This probably will make no difference to you because you've opted to see sex as part of a life choice that automatically discounts the possibilities of viable alternatives. That, frankly, is sad. Not for you so much if you're happy and fulfilled with your choice but sad that such fulfillment is used to validate a prejudice which can (may) feed into a judgmentalism about other peoples choice that is at odds with reality.
As to that remark about "anchor babies"—again, the assumptions in that are way off. Clearly, if anchor babies are the issue, then we're not talking about promiscuous sex but rather purposeful sex with a specific end in mind. As the tabloid type reports have it, these are women who intentionally have their babies here in order to take advantage of 14th amendment privileges. That's not the same as somebody having a so-called irresponsible good time but someone with a plan. So you're picking the wrong demographic to make your case.
And it is a bit racist since it lumps legal and illegal Hispanics into the same definitional category and paints them all with the same brush.
It is very true that there are more Hispanics that mean well for the United States than those that don't.
But when will Americans wake up to the fact that a large number of hostile people are working towards the demise of America from both the outside and inside. Many of these people have no reason to work together accept for their common goals of seeing the demise of the American system of government.
There are illegal aliens in America who make no qualms about their desire to see America fall apart in anarchy. California and other parts of the southwest has large vocal groups who make it a point to make it clear that they are not working towards the same goals as most of their neighbors.
That is not a crime in America, and there are ways to work towards those ends that are not illegal as well.
One way of accomplishing the demise of America is to push the social limits of the government to the point where the financial support base is beyong repair.
Karl,
I don't sit and constantly monitor this blog, I live in the real world. so I check in from time to time. I want to mention this. It is my opinion that individualist attitude promoted among libertarians makes them seem as boorish, immature, egocentric pricks.
Another problem I've observed is that the realization of individualism rationalizes self exceptionalism. By exceptionalism, I mean that an individual who believes his rights supersede that same rights in others.

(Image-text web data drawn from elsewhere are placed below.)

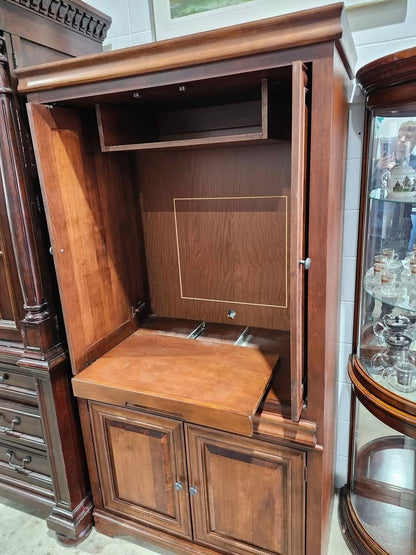 Solid Wooden Armoire/Media Cabinet/Wardrobe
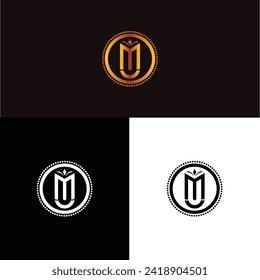 m letter logo, u letter logo, letter mark logo, word mark logo, initial letter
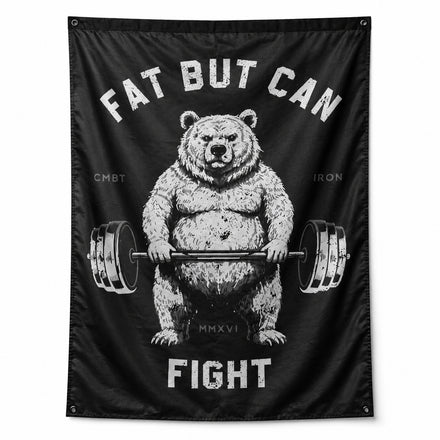 Fat But Can Fight Bear 3' x 4' Flag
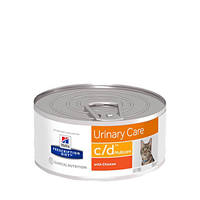 Hills PD Feline c/d Multicare Urinary Care Chicken 156g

This is the foundation on which fascist regimes are constructed.
However, the United States of America is being destroyed from within and without, not by flooding the nation with their children, but by manipulating us, by dividing our once united country into millions of nations of one, using fear and distrust of our neighbor to cultivate lawlessness so that the masses can't coordinate a defense against these powerful and often evil overlord.
These powerful persons that are seeking to destroy democracy throughout the world, that are behind the push to dismantle out constitution, are the multinational corporations, who see us as a resource to be exploited.
In many countries that have recovered from famine, are seeing a decline in the birthrate as the people realize their choice to have large families increased the severity of the famine. They know that family planning is the key to surviving future food shortages.
I would continue, but it is late, and I have to sleep sometime., as I have a day job,
When this physical life and its experiences are viewed or seen as an end to itself you can rationalize anything you want and find justification from your own experience. This is why personal meaning in life has disinterated into a million perpsectives.
If pleasure, power, pride and projects are the tail that wags the dog then all the individual knows of meaning is driven from within him or herself.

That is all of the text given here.